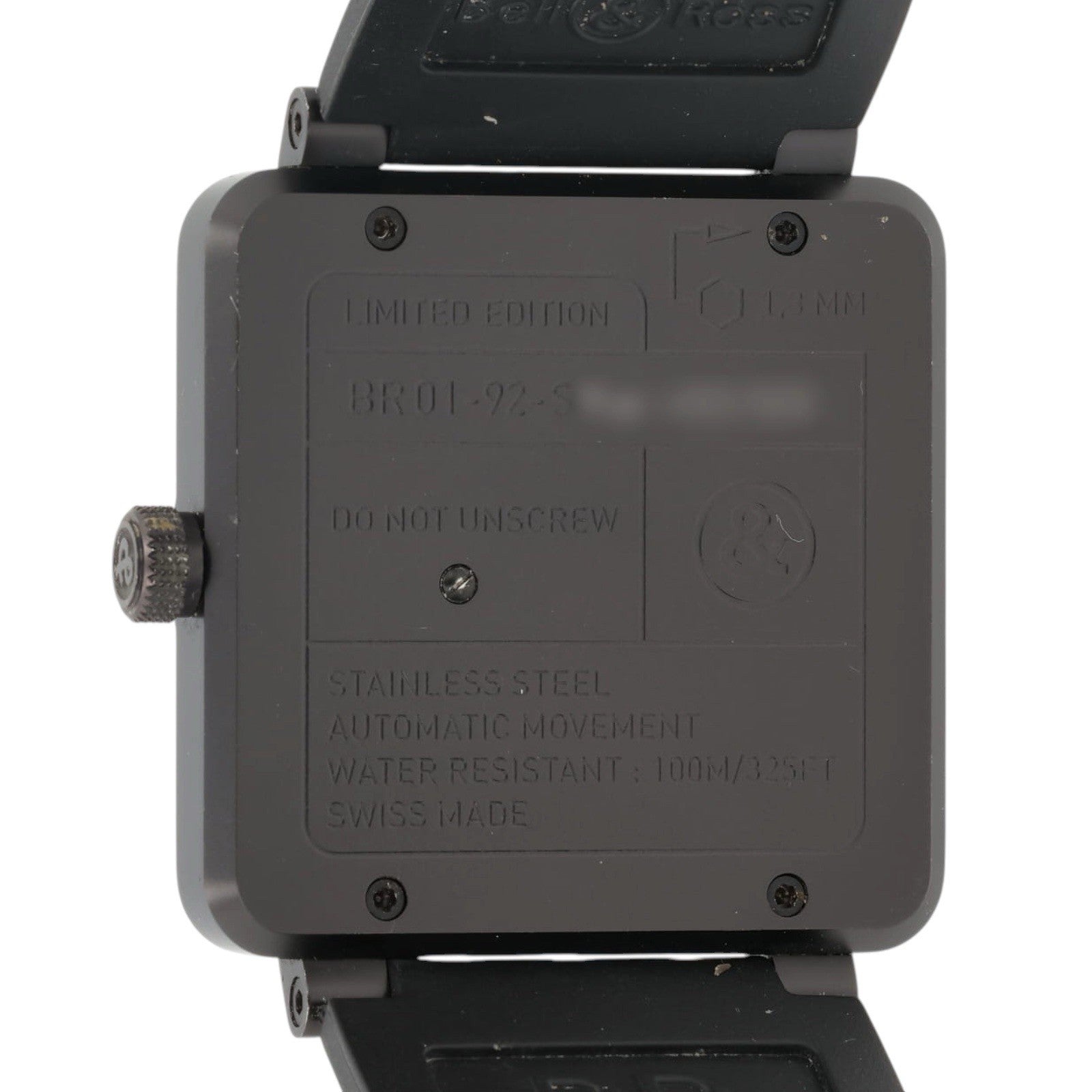 Bell & Ross BR-03 Black Dial Stainless Steel 46mm Automatic Mens Watch BR-92-S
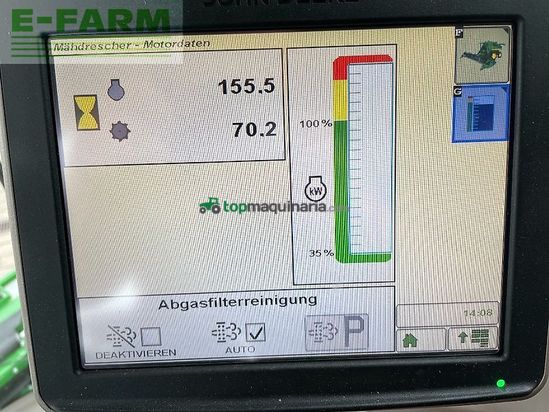 Cosechadora de Cereal - John Deere - t560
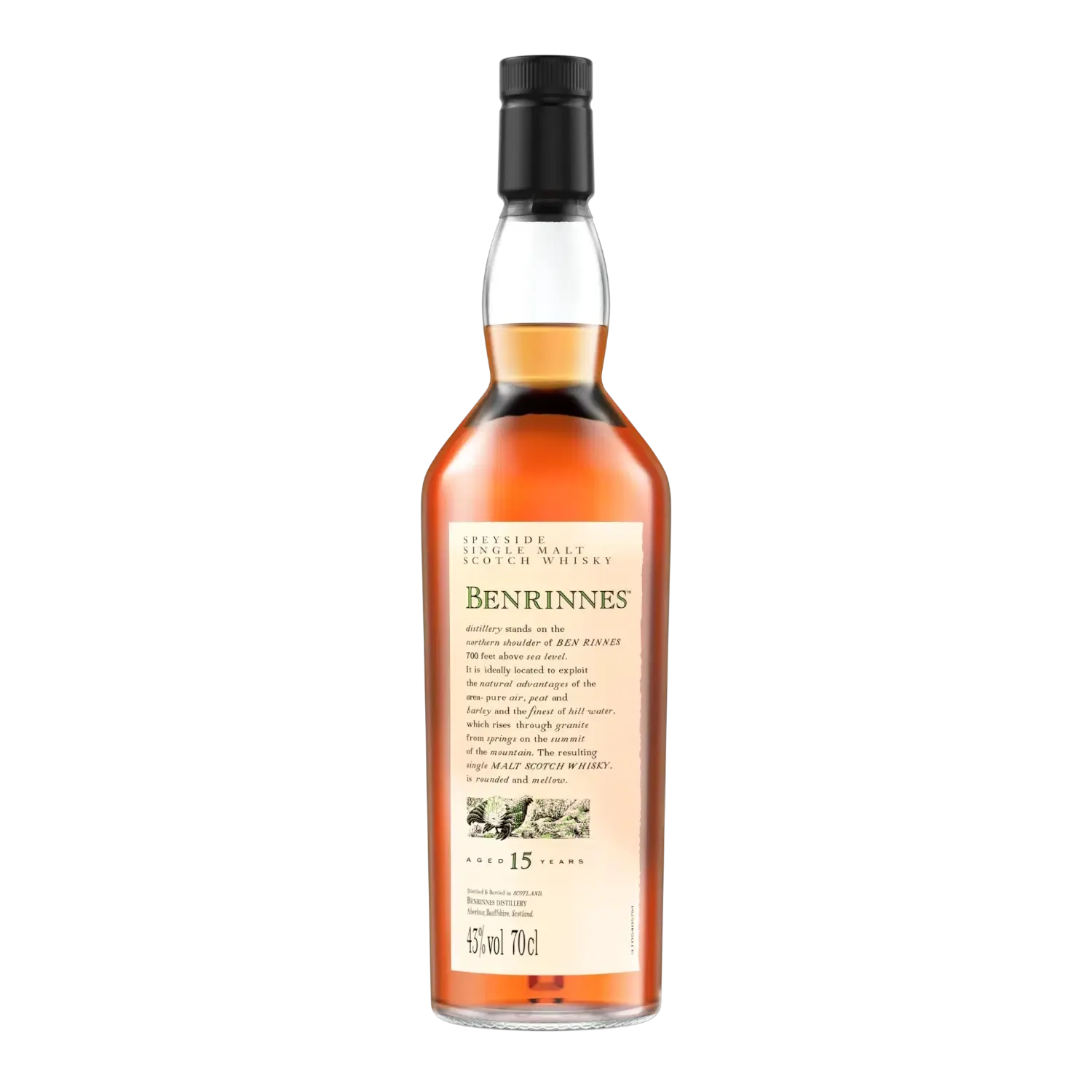 Benrinnes 15 Years (Flora &amp; Fauna) 43° -  0,7L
━━━━━━
The problem >> Give the data above back unchanged, except for the pictures.

Reply >>
 Bell & Ross BR-03 Black Dial Stainless Steel 46mm Automatic Mens Watch BR-92-S
 Cosechadora de Cereal - John Deere - t560
 Benrinnes 15 Years (Flora &amp; Fauna) 43° -  0,7L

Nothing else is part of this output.